Found under several synonms, Oxalis perdicaria now seems to be the accepted name of the frequently encountered O. lobata and O. mallobolba.  The RHS Advisory Panel on Nomenclature & Taxonomy in June 2007 recommended using the name Oxalis perdicaria even though the name O. lobata was published in 1823 and the name O. perdicaria in 1833 ( the norm is for the earliest published name to take presedence) it is reported that the name perdicaria (from perdiz = "partridge") was retained  because of the cultural importance where the plants are native. It comes from eastern Argentina, southern Brasil and central Chile, growing in thin grassland, scrub clearings and fields at low altitudes up to about 500m.

O. perdicaria has  fresh green trifoliate leaves, of which one leaflet of each stands up, giving a 3-D effect to the leaf, these first appear in spring with no flowers before vanishing for the Summer months. Towards the latter part of September through October, new leaves appear and this time they are accompanied by  the normal tightly spiralled flower buds which, in good light, open producing a light honey-like perfume.

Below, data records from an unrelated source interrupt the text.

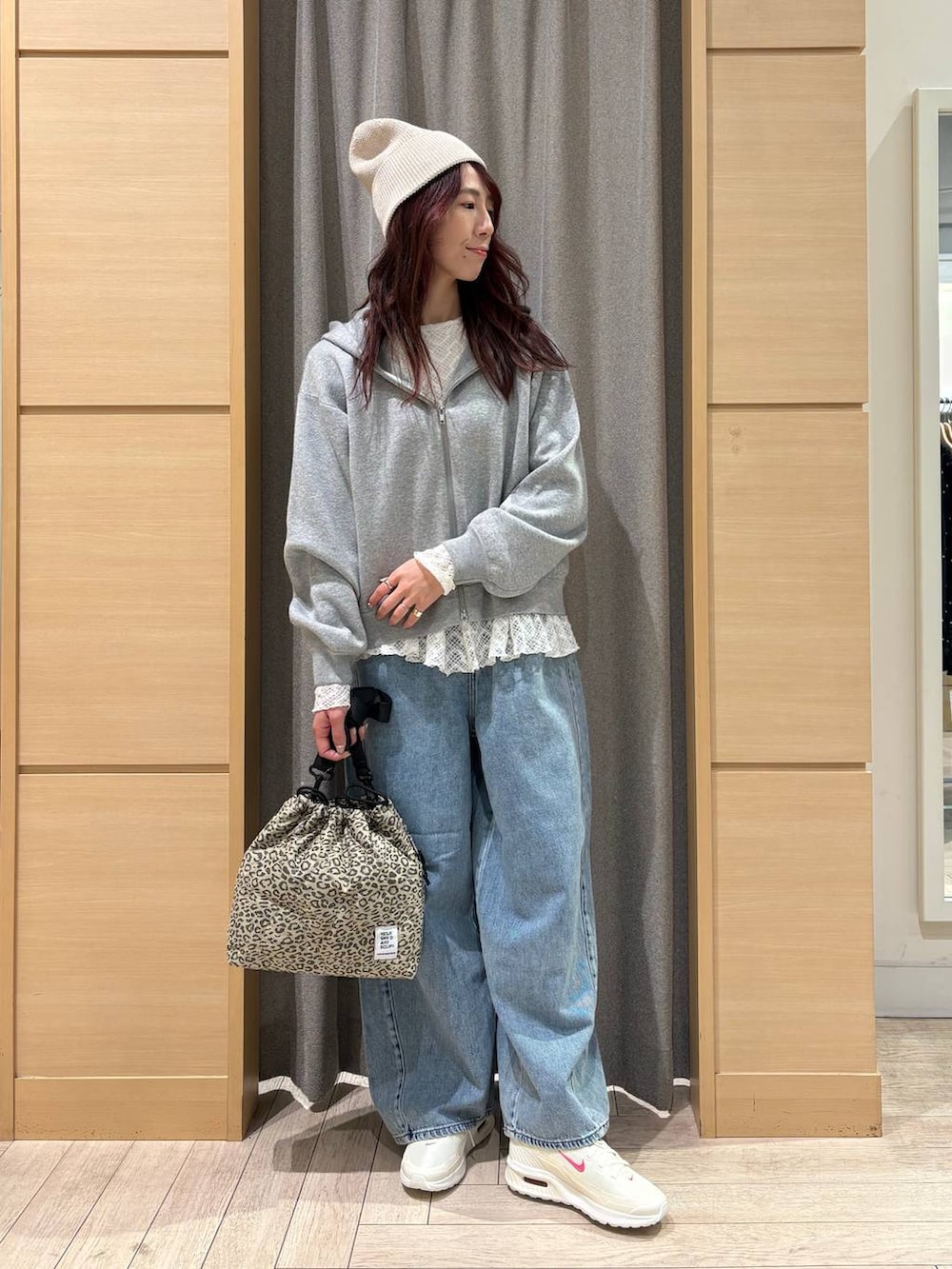 ブルー系のデニムパンツ、ベージュ系のショルダーバッグ、ホワイト系のTシャツ/カットソーを着用したレディースの春コーディネートの4枚目の写真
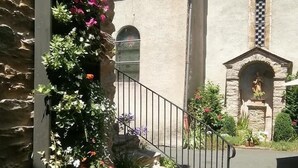 Un edificio de piedra con tejado de tejas, una estatua en un nicho arqueado y una escalera de metal que lleva a una puerta.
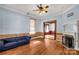 Spacious living room with hardwood floors, fireplace, and ceiling fan at 307 Kings Mountain St, Clover, SC 29710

The form known as 'Citrino' can also be found under the name Ezeiza form ( the capital city of the Ezeiza Partido within the Greater Buenos Aires area in Argentina). The flowers are very pale yellow with very faint red markings in the throat of the flower, barely visible on the reverse.

Best in the alpine house, but surviving in sheltered sites outside where the normal invasive habit of its near relatives is held in check by any severe dip in the weather over winter.

Oxalis perdicaria 'Citrino', along with the nominate form make excellent pot plants as can be seen from the image shown above - exhibited by Keith & Rachel Lever of Aberconwy Nurse at the Loughborough Autumn Show 2012 where it received a Certificate of Merit. It received a Preliminary Commendation (PC) and Cultural Commendation (CC)  from the RHS Joint Rock Committee at the Newcastle show the same same year.